Former president Donald Trump pardoned his disgraced campaign chairman in the final weeks of his only term, but Stephen Calk, former CEO and chairman of the board of the Federal Savings Bank of Chicago, remains in legal jeopardy for his alleged corrupt scheme to extend $16 million in mortgage loans to Manafort -- who allegedly agreed to help his banker get a major appointment, reported The Daily Beast.
"Calk provided the Borrower with a ranked list of the governmental positions he desired, which started with Secretary of the Treasury, and was followed by Deputy Secretary of the Treasury, Secretary of Commerce, and Secretary of Defense, as well as 19 ambassadorships similarly ranked and starting with the United Kingdom, France, Germany, and Italy," the indictment alleges.
The banker "was aware of significant red flags regarding the borrower's ability to repay the loan, such as his history of defaulting on previous loans," prosecutors say, but approved the mortgage loans anyway as he discussed meetings with Trump in hopes of securing an administration appointment.

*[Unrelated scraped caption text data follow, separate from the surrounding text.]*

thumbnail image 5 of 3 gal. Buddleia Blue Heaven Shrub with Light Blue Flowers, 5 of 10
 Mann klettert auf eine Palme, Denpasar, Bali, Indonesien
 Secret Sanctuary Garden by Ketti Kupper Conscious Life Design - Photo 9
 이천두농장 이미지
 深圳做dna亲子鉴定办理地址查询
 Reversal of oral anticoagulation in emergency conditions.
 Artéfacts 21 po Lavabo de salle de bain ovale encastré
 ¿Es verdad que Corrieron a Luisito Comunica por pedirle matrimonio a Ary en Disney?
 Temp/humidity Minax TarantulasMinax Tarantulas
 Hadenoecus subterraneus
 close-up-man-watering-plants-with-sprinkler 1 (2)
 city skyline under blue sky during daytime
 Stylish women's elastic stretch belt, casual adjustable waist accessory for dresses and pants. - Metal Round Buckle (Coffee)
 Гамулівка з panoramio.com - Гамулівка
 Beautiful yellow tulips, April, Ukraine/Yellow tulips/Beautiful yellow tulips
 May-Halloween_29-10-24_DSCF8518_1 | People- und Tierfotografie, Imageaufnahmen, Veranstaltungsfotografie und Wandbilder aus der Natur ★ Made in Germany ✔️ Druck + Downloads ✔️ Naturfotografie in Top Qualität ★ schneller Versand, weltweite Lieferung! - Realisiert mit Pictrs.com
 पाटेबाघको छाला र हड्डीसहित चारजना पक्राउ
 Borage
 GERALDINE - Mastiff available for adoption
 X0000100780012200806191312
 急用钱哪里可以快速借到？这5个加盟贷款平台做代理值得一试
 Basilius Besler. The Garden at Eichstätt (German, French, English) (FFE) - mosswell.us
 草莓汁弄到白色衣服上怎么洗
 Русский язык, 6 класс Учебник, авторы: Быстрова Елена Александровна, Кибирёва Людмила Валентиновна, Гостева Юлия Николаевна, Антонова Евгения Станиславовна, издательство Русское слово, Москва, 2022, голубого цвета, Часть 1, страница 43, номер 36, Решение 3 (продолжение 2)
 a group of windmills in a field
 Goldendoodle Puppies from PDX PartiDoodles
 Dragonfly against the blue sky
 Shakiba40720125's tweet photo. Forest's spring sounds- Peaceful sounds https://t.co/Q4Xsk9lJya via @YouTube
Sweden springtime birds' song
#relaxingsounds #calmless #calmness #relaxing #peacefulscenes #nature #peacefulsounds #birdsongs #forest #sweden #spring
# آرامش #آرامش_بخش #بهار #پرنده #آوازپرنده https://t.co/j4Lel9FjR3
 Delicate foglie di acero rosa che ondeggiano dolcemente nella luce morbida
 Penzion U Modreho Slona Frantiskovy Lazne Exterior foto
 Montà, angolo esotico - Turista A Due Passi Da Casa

"He is not doing meetings on the road on these types of matters," Manafort replied. "I will be calling you later today with updates."
Calk was ultimately not hired for any administration job, and the U.S. Marshals Service ultimately seized Manafort's brownstone, which fell into disrepair.
However, the brownstone passed back into Manafort's control after Trump's pardon -- and the Federal National Bank that Calk once ran wants to foreclose on the property and two others he purchased with $16 million in loans.
Calk's trial is scheduled to begin June 22.